(WHAT THE TASK REQUIRES): Range to copy from the entries below: the line containing "Schöneberg Exhibition Tour" through the line containing "5452 Salmon River", inclusive. Retype only those lines, exactly, without any images.

[Short text fragments from websites]
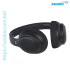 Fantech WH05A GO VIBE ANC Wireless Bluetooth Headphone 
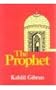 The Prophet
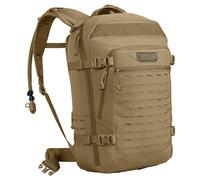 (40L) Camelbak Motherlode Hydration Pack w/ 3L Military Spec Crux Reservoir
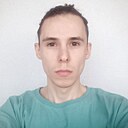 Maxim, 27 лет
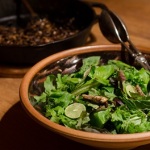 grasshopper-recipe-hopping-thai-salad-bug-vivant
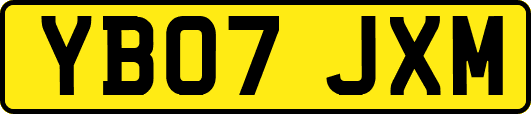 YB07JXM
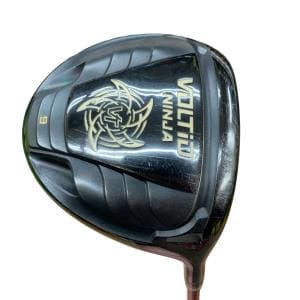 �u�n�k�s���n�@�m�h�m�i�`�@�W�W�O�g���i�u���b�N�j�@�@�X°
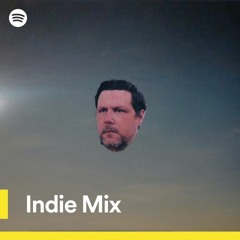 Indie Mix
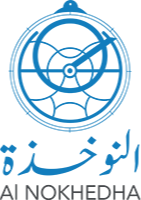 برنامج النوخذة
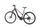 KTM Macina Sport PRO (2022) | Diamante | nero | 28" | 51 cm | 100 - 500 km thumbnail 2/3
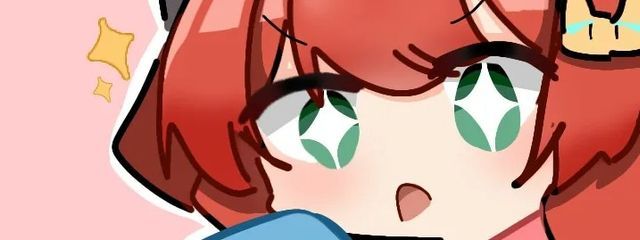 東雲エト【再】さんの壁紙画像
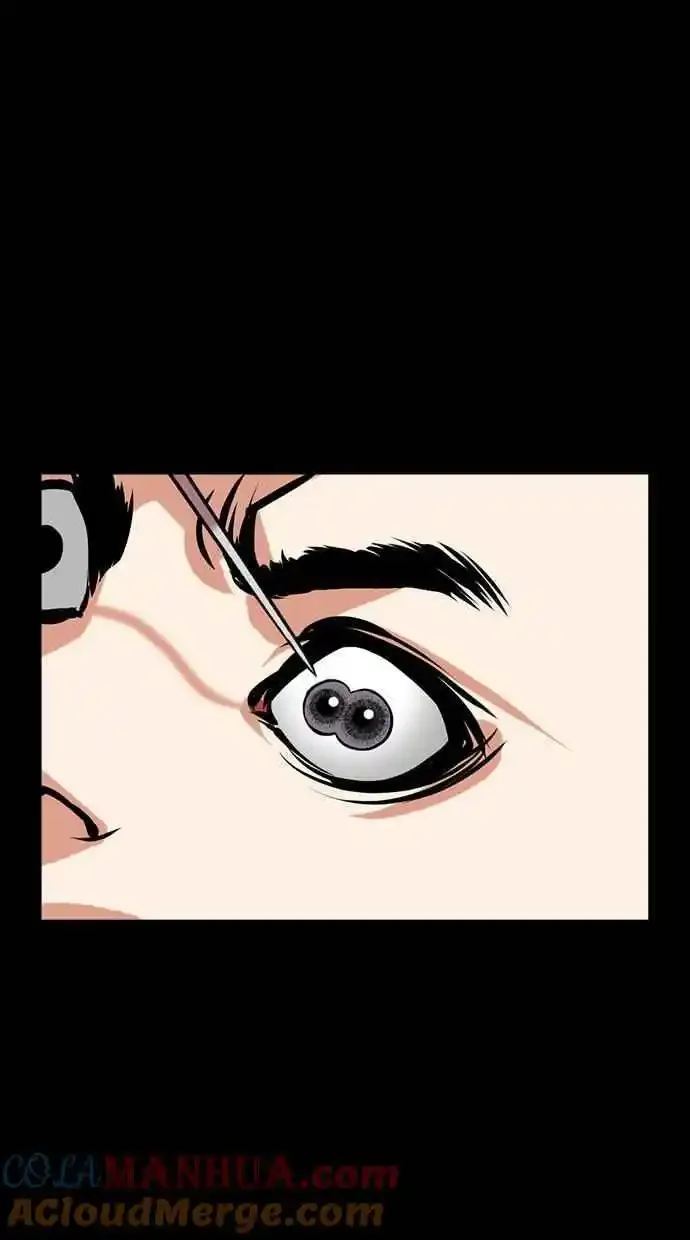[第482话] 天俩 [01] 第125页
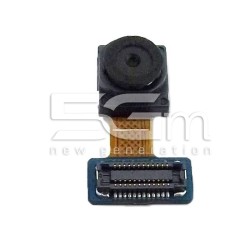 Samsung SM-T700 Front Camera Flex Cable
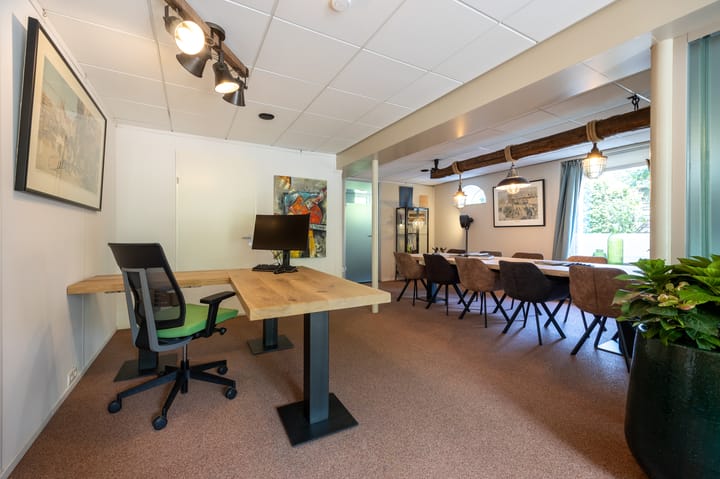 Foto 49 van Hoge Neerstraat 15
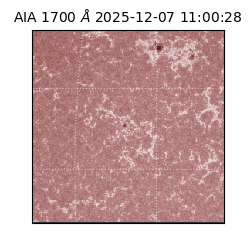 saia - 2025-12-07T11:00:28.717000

--

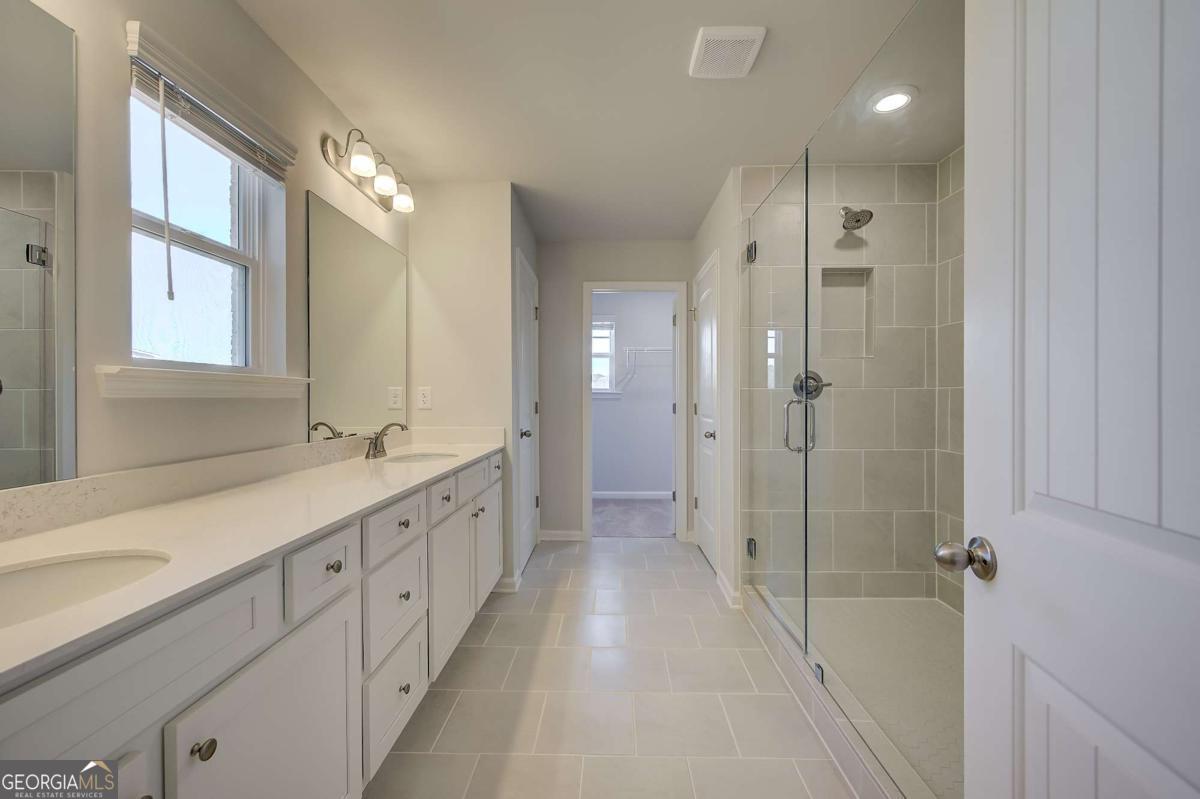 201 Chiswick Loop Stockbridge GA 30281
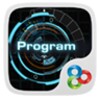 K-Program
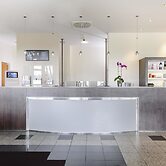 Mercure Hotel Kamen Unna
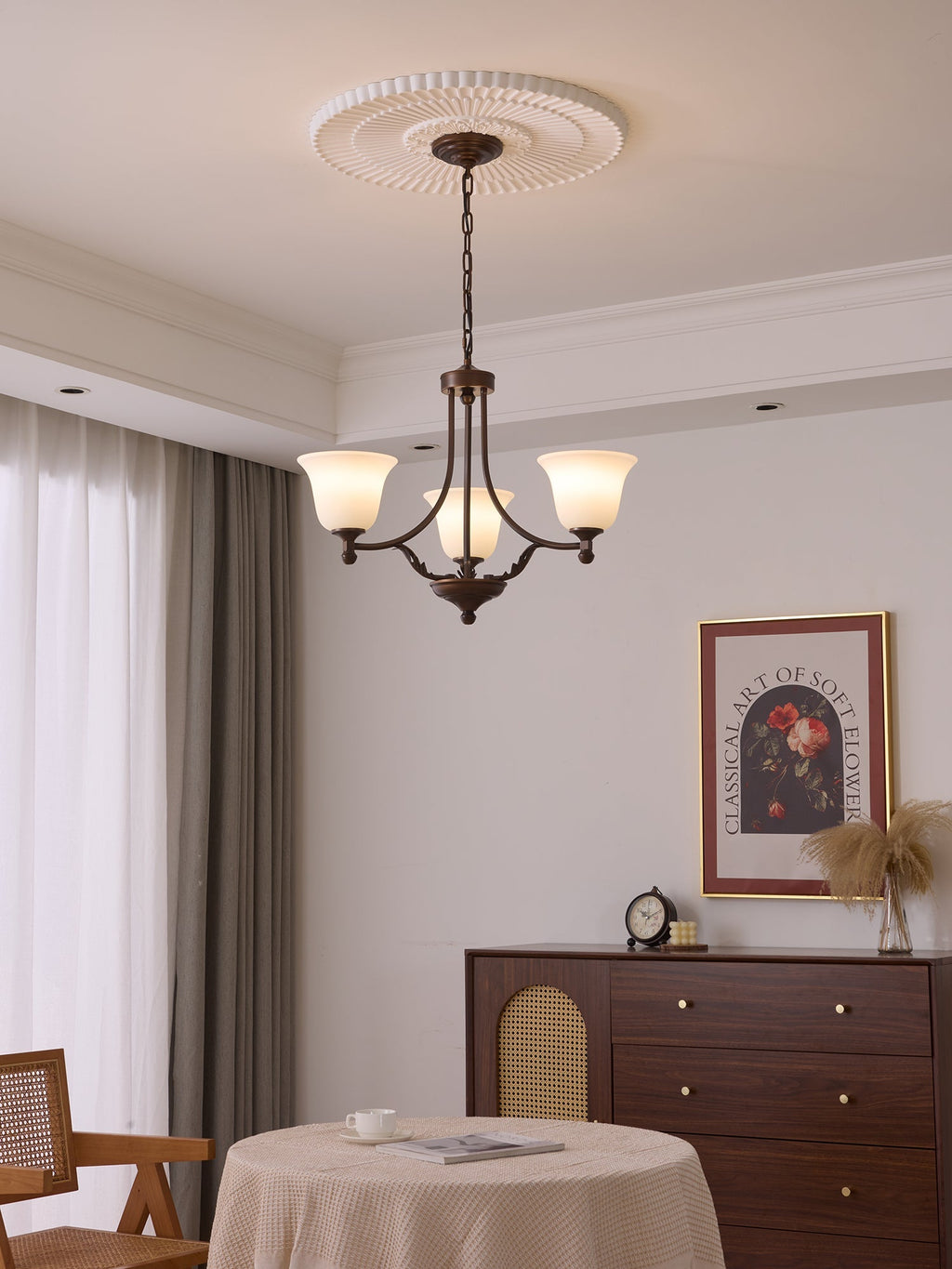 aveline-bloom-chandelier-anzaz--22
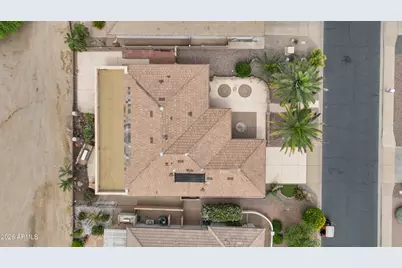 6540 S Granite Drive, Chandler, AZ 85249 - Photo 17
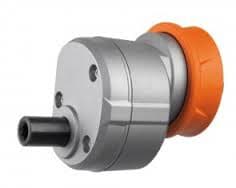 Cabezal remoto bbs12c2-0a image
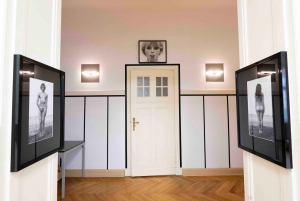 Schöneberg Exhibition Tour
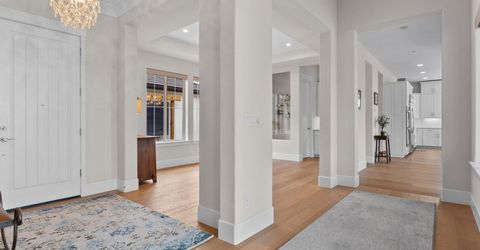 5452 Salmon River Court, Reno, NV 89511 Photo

==

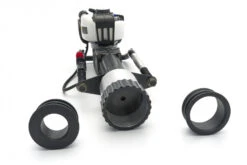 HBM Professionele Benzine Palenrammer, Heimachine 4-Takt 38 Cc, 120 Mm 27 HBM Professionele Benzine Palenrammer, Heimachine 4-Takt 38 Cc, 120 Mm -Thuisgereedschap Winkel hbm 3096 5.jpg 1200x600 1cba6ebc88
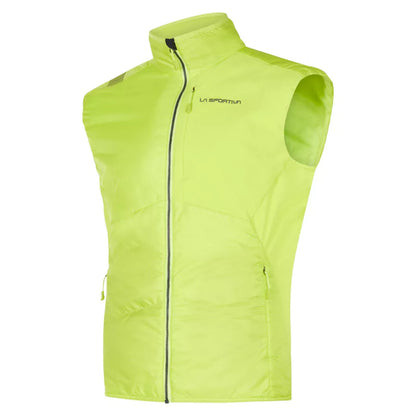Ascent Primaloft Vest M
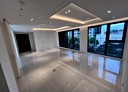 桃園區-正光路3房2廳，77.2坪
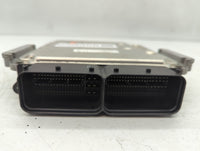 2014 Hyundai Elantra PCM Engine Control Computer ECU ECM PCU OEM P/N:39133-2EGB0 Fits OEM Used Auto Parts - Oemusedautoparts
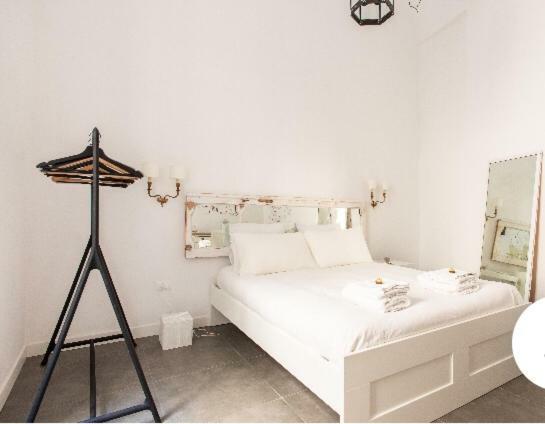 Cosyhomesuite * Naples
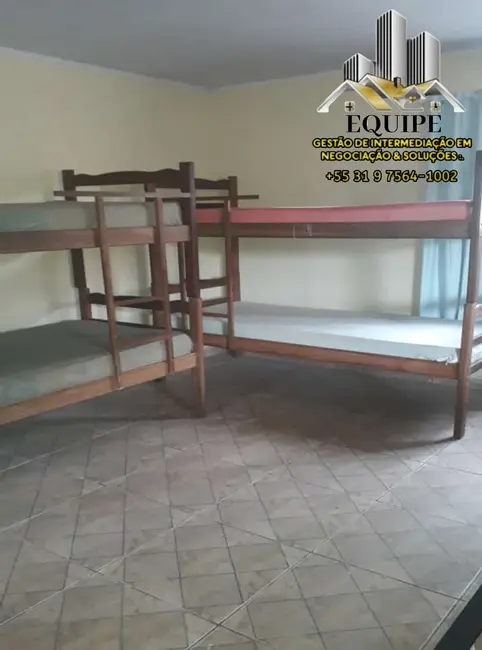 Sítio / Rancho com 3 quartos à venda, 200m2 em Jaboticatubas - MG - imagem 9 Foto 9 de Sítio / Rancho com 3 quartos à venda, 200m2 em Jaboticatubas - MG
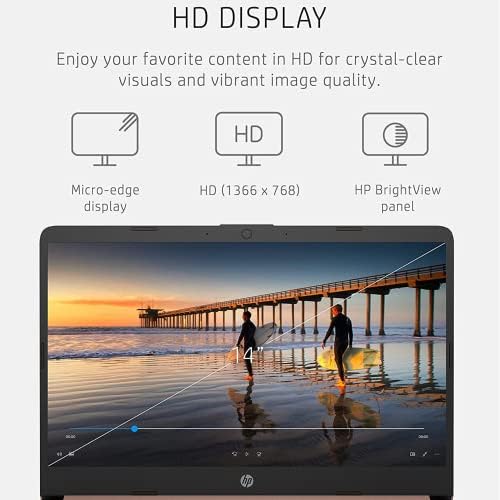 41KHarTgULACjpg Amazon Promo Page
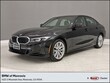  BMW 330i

(ANSWER SECTION):
 Schöneberg Exhibition Tour
 5452 Salmon River Court, Reno, NV 89511 Photo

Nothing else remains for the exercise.